A object of the jrt class (created by the function jrt).

judge

A numerical to indicate which judge to plot. Be careful : If a (Generalized) Rating Scale Model was used, then judges may have been removed for the model to be fitted. Provide "all" to get the information plot for all judges.

type

A character to indicate what to plot on the y axis, "information" for Information, "reliability" for Reliability, or "SE" for standard errors. Alternatively, use "infose" (or ise) to plot information and standard error of measurement in the same plot. Use "inforxx" (or ir) to plot information and reliability in the same plot.

title

A character title for the plot.

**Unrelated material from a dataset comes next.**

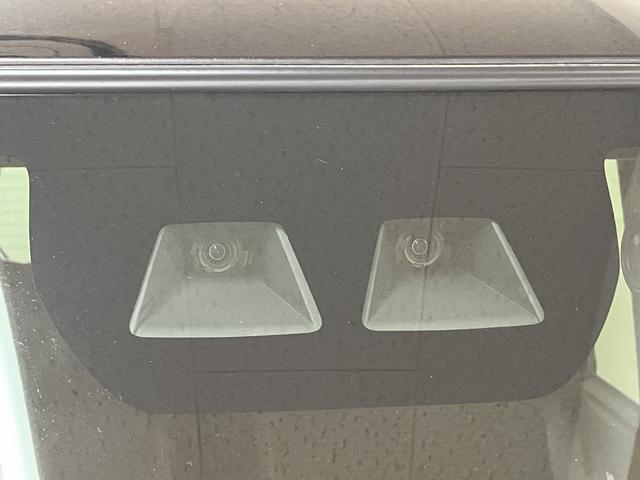 タントカスタムＸセレクション　ナビ／ドラレコ／全方位カメラナビゲーション　全方位カメラ　ナビ連動型前後ドライブレコーダー　ＥＴＣ車載器　ＬＥＤヘッドライト　キーフリーシステム　プッシュスタート　両側電動スライドドア　シートヒーター（大阪府）の中古車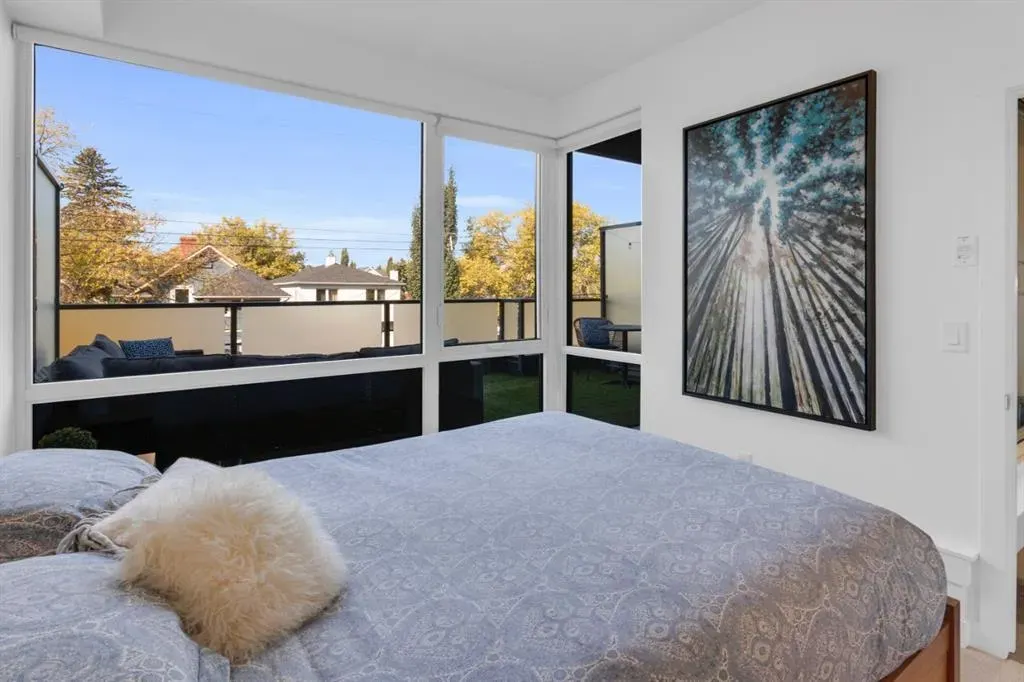 301 10 Street NW, #211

By default it is created automatically based on the judge number.

column.names

A character to indicate how a judge should be called (Defaults to "auto", which uses what was set in the estimation function jrt, whose default is "judge", but you may use "Rater", "Expert", etc.). This is used to create automatic titles.

theta.span

A numeric indicating the maximum θ\theta. The minimum is automatically adjusted to -theta.span.

y.limits

A numeric vector to manually adjust the minimum and maximum of the y axis (may notably be useful if using reliability). Set to NULL (default) to automatically set with ggplot2.

y.line

A numeric to add a (dashed) horizontal line on the plot at the y value indicated (for example for a threshold of acceptable reliability). Defaults to NULL, which does not plot the line. Note that the y level is in reference to the primary axis, if there are two y axes.

name.for.y.line

A character to indicate how to call the y line in the legend. Default is "Threshold".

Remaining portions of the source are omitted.